For most partners, the benefits package is not just a cost line item; it quietly shapes what you can sell, how fast you can build, and how deeply you can support customers. 

The right package can: 

  1. Lower your own internal tooling costs (Microsoft 365, security, Dynamics, Azure credits). 
  2. Give your team hands-on experience with the same products you recommend to customers. 
  3. Unlock advisory hours and support that shorten sales cycles and reduce delivery risk. 

The wrong package, on the other hand, usually shows up as: 

  1. Consultants sharing a single test tenant and constantly hitting license limits. 
  2. Pre-sales conversations stuck at “we’ll get back to you” because you cannot prototype quickly. 
  3. Project escalations that drag on because you lack higher-tier support. 

So instead of asking “What’s the cheapest option?”, a better question is: “Which package lines up with how we work and how fast we want to grow in the next 12–24 months?” 

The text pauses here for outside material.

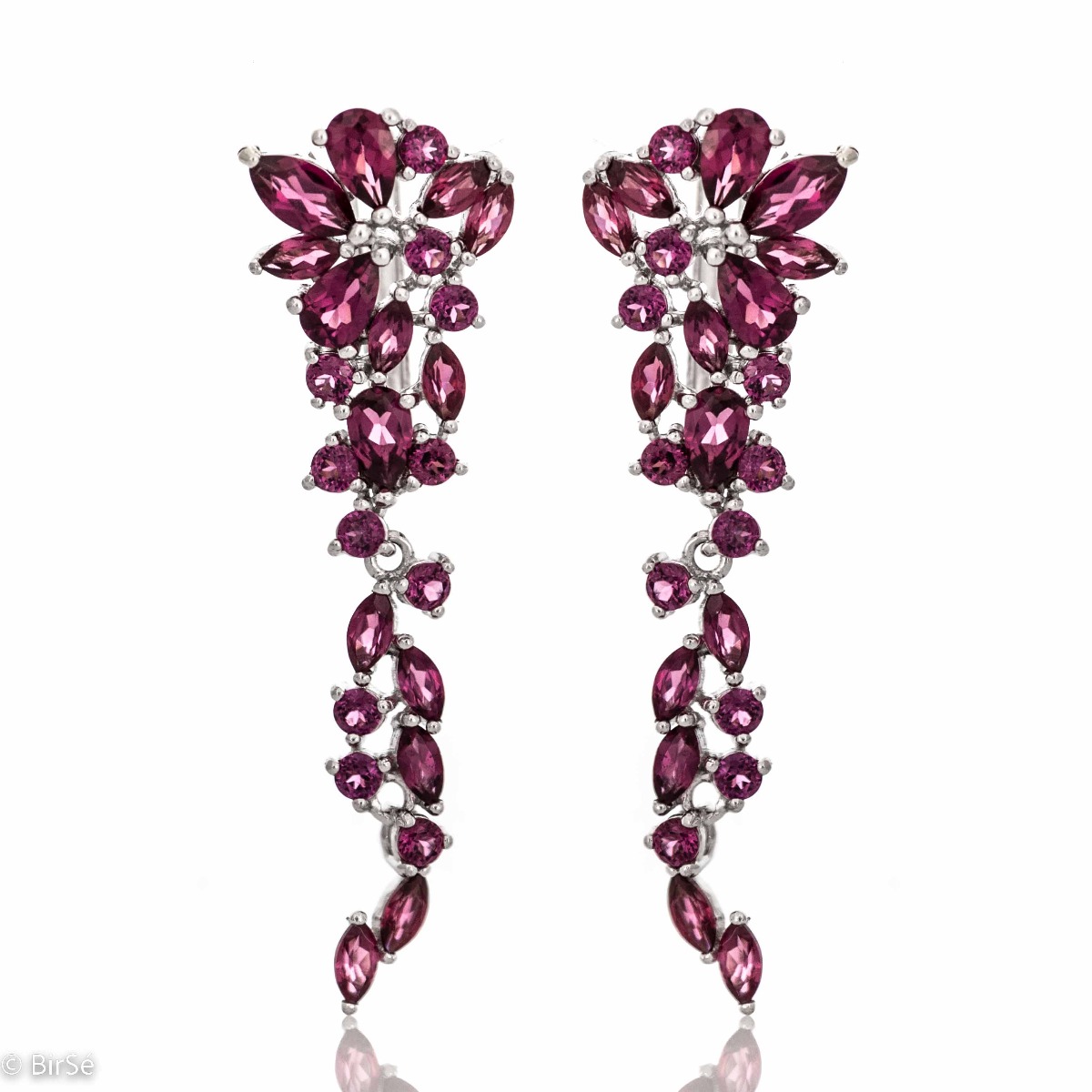 In these royally elegant rhodium silver earrings, captivating rhodolite stones gently intertwine with silver.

Microsoft Partner Launch vs Success Core vs Success Expanded: Overview

Here is a side-by-side snapshot before we dive deeper. 

Package 

Typical stage 

Annual price (USD, approx.) 

Azure credits 

Typical seats (M365 / Dynamics) 

Support and advisory focus 

Partner Launch 

New or very early-stage partner, small team 

About 345–350 

About 700 

Around 5 Microsoft 365 Business Premium, ~4 Dynamics 365 Sales + Business Central 

Basic test-and-build, limited or no advanced advisory hours. 

Partner Success Core 

Growing cloud/AI practice, stable customer base 

About 895 

About 2,400 

Around 15 Microsoft 365 Business Premium, ~15 Dynamics 365 Sales + Business Central 

Technical consultations, presales and deployment hours, and a few cloud support incidents. 

Partner Success Expanded 

Established practice, scaling across regions or workloads 

About 3,995–4,000 

About 4,000 

Around 35 Microsoft 365 Business Premium, ~35 Dynamics 365 Sales + Business Central plus many more products 

More consultation hours, unlimited technical presales, multiple cloud support incidents, concierge, and GTM tooling.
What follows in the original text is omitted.